Archive for the ‘Literature’ Category

Data Curation in the Networked Humanities [Semantic Curation?]

Tuesday, October 16th, 2012

Data Curation in the Networked Humanities by Michael Ullyot.

From the post:

These talks are the first phase of Encoding Shakespeare: my SSHRC-funded project for the next three years. Between now and 2015, I’m working to improve the automated encoding of early modern English texts, to enable text analysis.

This post’s three parts are brought to you by the letter p. First I outline the potential of algorithmic text analysis; then the problem of messy data; and finally the protocols for a networked-humanities data curation system.

This third part is the most tentative, as of this writing; Fall 2012 is about defining my protocols and identifying which tags the most text-analysis engines require for the best results — whatever that entails. (So I welcome your comments and resource links.)

A project that promises to touch on many of the issues in modern digital humanities. Do review and contribute if possible.

I have a lingering uneasiness with the notion of “data curation.” With the data and not curation part.

To say “data curation” implies we can identify the “data” that merits curation.

I don’t doubt we can identify some data that needs curation. The question being is it the only data that merits curation?

We know from the early textual history of the Bible that the text was curated and in that process, variant traditions and entire works were lost.

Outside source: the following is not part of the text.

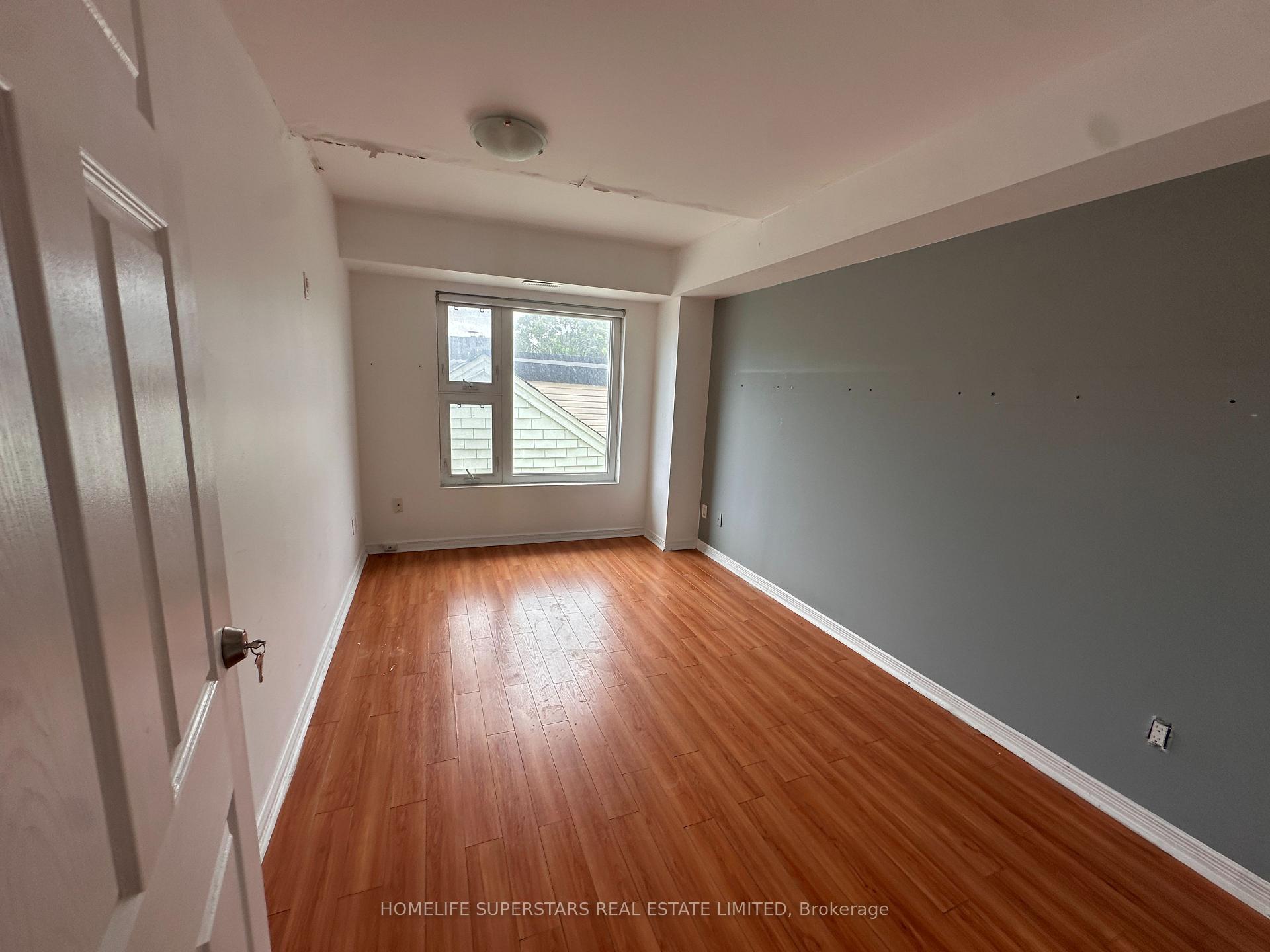 Photo 2 of Unit 206, 38 Kensington Place, Toronto, Kensington-Chinatown — HOMEH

Just my take on it but rather than “data curation,” with the implication of a “correct” text, we need semantic curation.

Semantic curation attempts to preserve the semantics we see in a text, without attempting to find the correct semantics.

Wolfram Plays In Streets of Shakespeare’s London

Monday, April 23rd, 2012

I should have been glad to read: To Compute or Not to Compute—Wolfram|Alpha Analyzes Shakespeare’s Plays. Promoting Shakespeare has to be a first for Wolfram.

But the post reports word counts, unique words, and similar measures as master strokes of engineering, all things familiar since SNOBOL and before. And then makes this “bold” suggestion:

Asking Wolfram|Alpha for information about specific characters is where things really begin to get interesting. We took the dialog from each play and organized them into dialog timelines that show when each character talks within a specific play. For example, if you look at the dialog timeline of Julius Caesar, you’ll notice that Brutus and Cassius have steady dialog throughout the whole play, but Caesar’s dialog stops about halfway through. I wonder why that is?

That sort of analysis was old hat in the 1980’s.

Wolfram needs to catch up on the history of literary and linguistic computing rather than repeating it.

The back issues of Computational Linguistics or Literary and Linguistic Computing should help in that regard. To say nothing of Shakespeare, Computers, and the Mystery of Authorship and similar works.

On digital humanities projects in general, see: Digital Humanities Spotlight: 7 Important Digitization Projects by Maria Popova, for a small sample.